We had a few. They were the bane of my existence. There were walls where I didn’t want them to be. Coming up with a floor plan was daunting.
Finally, I had a Eurkea! Moment. I found the floor plan that worked for everything I wanted except one thing.
The main entrance to my house, the front door, opened into my kitchen.
This is just awkward.
Moreover, I wanted an oven cabinet with a separate stovetop to maximize kitchen storage. The oven cabinet sits right next to the kitchen door. On the other side of the door, is a scant two feet before a supporting wall I couldn’t move.
So, the main entrance of my house opens to kitchen cabinets and an oven cabinet. I did put in a glass door to open things up.
I’ve forgotten how weird this is to most people.
I did put in three 9-foot atrium doors. Two in my living room/dining room which faces the rear of the property and one in the family room which opens onto the side of the house where I have a fenced-in garden.
The house is by no means without doors, but I don’t have an entryway.
I immediately justified the idea to my ex-husband, who couldn’t have cared less but said that I wanted the kind of home where the kitchen was the main entrance to my life.
Kitchens are warm and friendly. At the time, I clocked a lot of hours in the kitchen. I liked to cook and it was somewhat of a passion. One of the few things I did right as a wife and mother was to put dinner on the table every night. We ate as a family until my son’s senior year of high school when he was busy and I had returned to school full-time in addition to a full-time and a part-time job. The nightly dinner ended and so did my marriage. Coincidence? Perhaps.
So everyone who comes to my house – friend, strange or foe – has to enter through my kitchen.
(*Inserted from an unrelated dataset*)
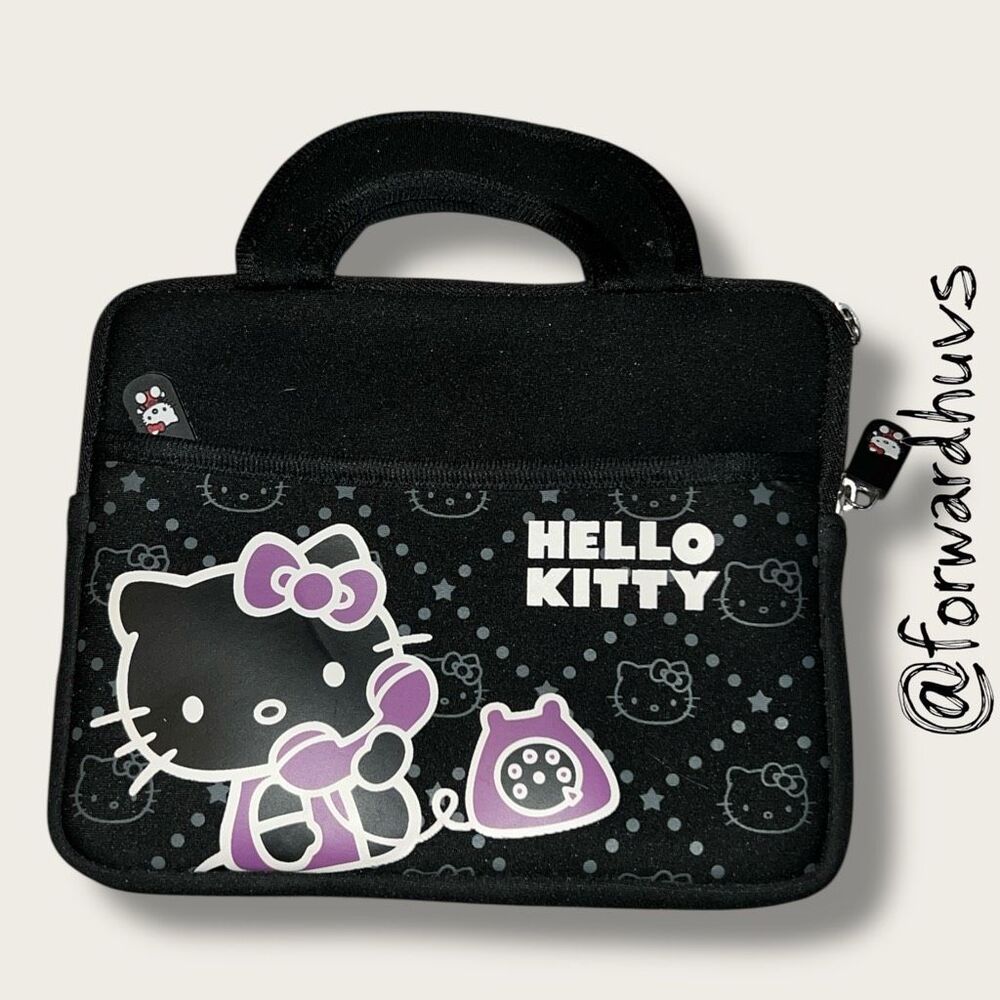 Sanrio Hello Kitty Tablet Case – 8¾” x 7”, Zippered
What should be the foyer is at the bottom of the stairs. I’ve put a rattan sofa and a bay window where a door should be. The window overlooks my back garden.
It’s quirky. I’ve grown to love it other than having to walk through half the house to get to the coat closet by the stairs.
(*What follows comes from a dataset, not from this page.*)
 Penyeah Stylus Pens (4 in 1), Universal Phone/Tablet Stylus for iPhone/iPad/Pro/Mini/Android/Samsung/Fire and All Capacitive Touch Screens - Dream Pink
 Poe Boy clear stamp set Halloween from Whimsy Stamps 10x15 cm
The outside of the door faces the driveway and a huge gravel parking lot. In all these years, I have not had the time nor the wherewithal to properly landscape the front entrance. It’s obvious there’s a kitchen door there. But folks do kind of look for the main entrance when they come over the first time.
I’ve long since forgotten to tell them not to.
My kitchen door opens into my life.
That says a lot about who I used to be.
And maybe who I still am.
The way to a man’s heart is through his stomach? Balderdash. The way into Connie’s sanctuary is through the kitchen.
Just off to the left inside the kitchen door is the 8-foot opening to my family room. It is here that the dogs and I spend all of our time – my family now. I do everything in this room and nearly nothing in the kitchen other than a pot of coffee daily.
I toy with the idea of tearing down the fence, landscaping the front, and making this atrium door just behind me the entryway to my house.
It would be no less awkward, but more representative of who I am now.
A lot of my identity is wrapped up in this barn. I’ve thought long and hard about why. I think it was because I had 29 addresses before I was 29 with this being the last one – the one I designed to become the home I never had.
It’s a mess. Badly built, in poor repair, awkwardly laid out. Much like me.
But it is me. Kitchen entrance and all.
Welcome to my home. Don’t mind the mess in the kitchen.